**About this task:** Set down every record below exactly as written, but leave out the pictures.

═══ Data extract ═══

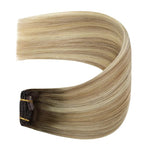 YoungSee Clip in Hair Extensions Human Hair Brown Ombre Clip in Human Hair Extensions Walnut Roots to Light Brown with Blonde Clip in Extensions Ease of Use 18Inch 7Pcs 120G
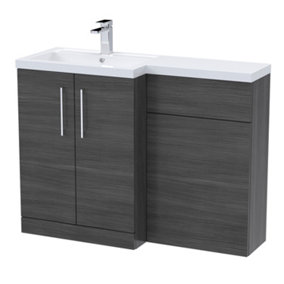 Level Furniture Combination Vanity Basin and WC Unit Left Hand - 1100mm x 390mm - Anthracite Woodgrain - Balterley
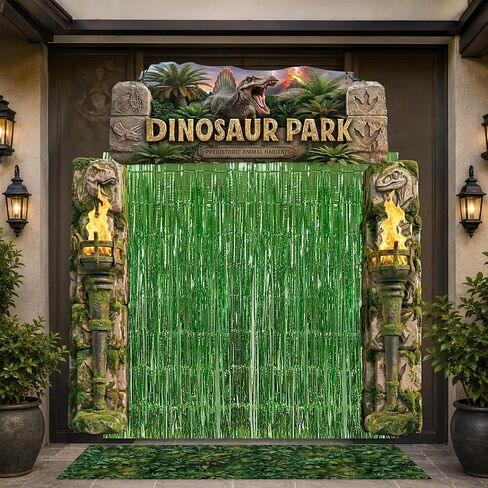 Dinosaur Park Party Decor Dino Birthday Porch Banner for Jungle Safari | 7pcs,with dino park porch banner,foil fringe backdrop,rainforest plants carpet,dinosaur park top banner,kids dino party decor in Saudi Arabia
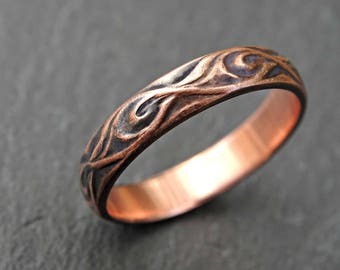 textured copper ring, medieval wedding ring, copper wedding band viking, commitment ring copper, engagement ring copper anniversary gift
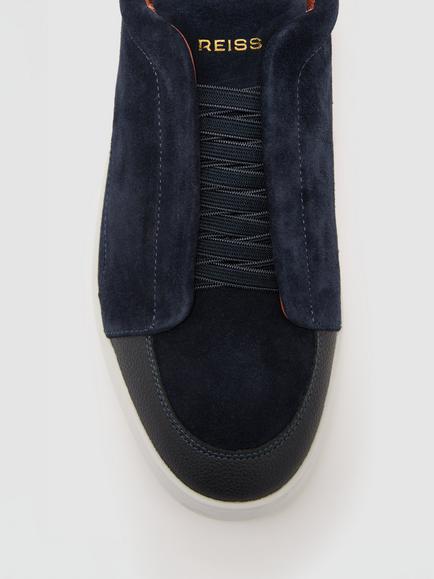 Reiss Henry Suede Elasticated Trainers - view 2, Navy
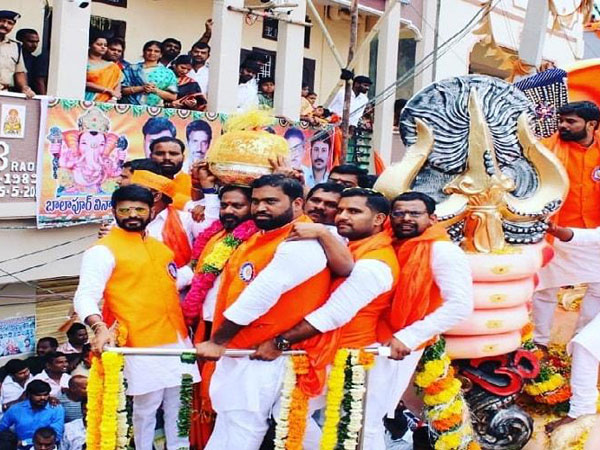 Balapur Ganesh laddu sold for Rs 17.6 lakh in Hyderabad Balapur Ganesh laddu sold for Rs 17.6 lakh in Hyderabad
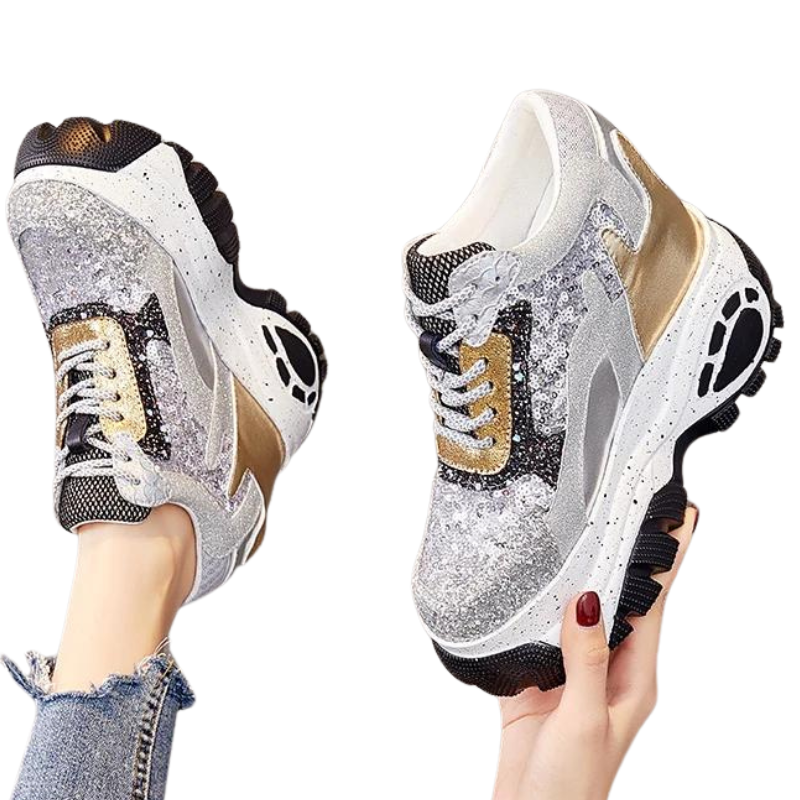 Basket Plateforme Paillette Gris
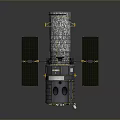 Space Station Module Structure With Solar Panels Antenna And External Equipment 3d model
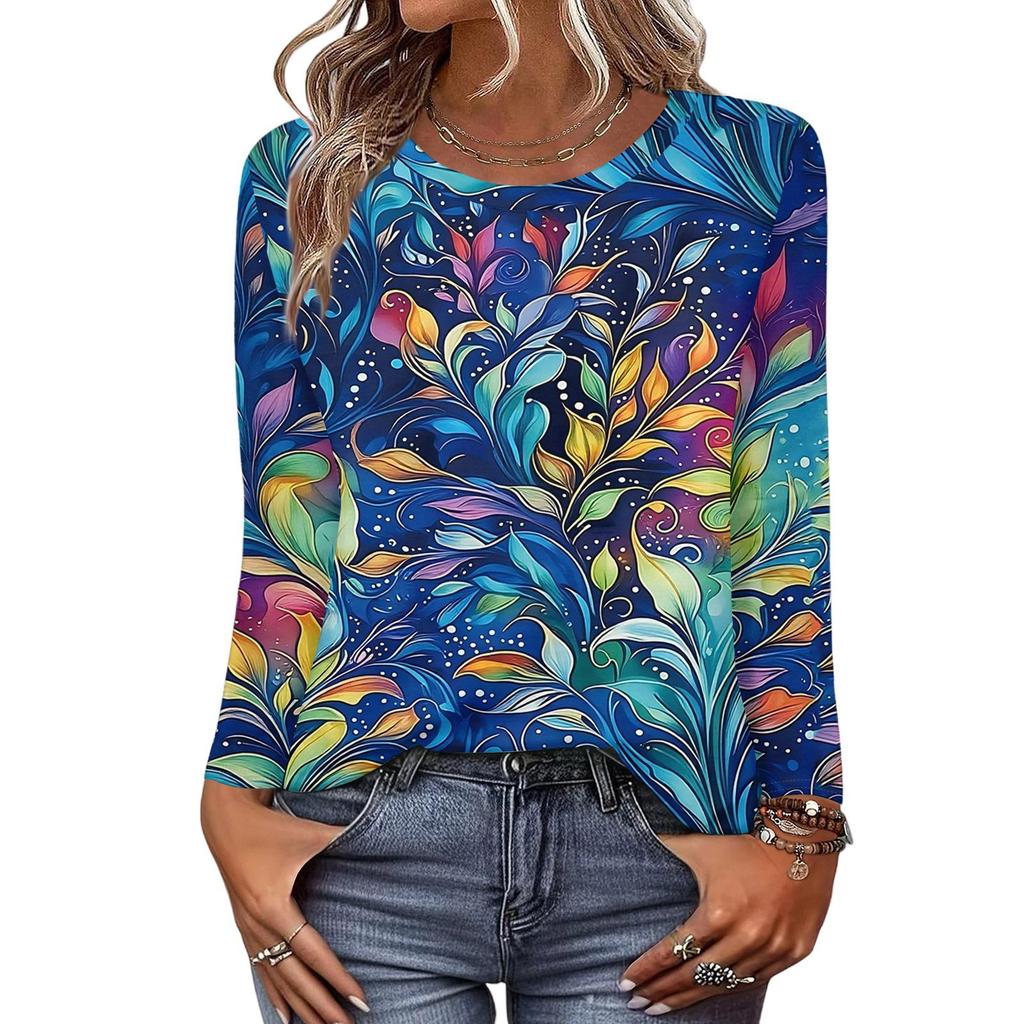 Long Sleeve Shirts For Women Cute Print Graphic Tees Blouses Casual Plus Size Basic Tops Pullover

═══

**Response to this exercise:**
 YoungSee Clip in Hair Extensions Human Hair Brown Ombre Clip in Human Hair Extensions Walnut Roots to Light Brown with Blonde Clip in Extensions Ease of Use 18Inch 7Pcs 120G
 Level Furniture Combination Vanity Basin and WC Unit Left Hand - 1100mm x 390mm - Anthracite Woodgrain - Balterley
 Dinosaur Park Party Decor Dino Birthday Porch Banner for Jungle Safari | 7pcs,with dino park porch banner,foil fringe backdrop,rainforest plants carpet,dinosaur park top banner,kids dino party decor in Saudi Arabia
 textured copper ring, medieval wedding ring, copper wedding band viking, commitment ring copper, engagement ring copper anniversary gift
 Reiss Henry Suede Elasticated Trainers - view 2, Navy
 Balapur Ganesh laddu sold for Rs 17.6 lakh in Hyderabad Balapur Ganesh laddu sold for Rs 17.6 lakh in Hyderabad
 Basket Plateforme Paillette Gris
 Space Station Module Structure With Solar Panels Antenna And External Equipment 3d model
 Long Sleeve Shirts For Women Cute Print Graphic Tees Blouses Casual Plus Size Basic Tops Pullover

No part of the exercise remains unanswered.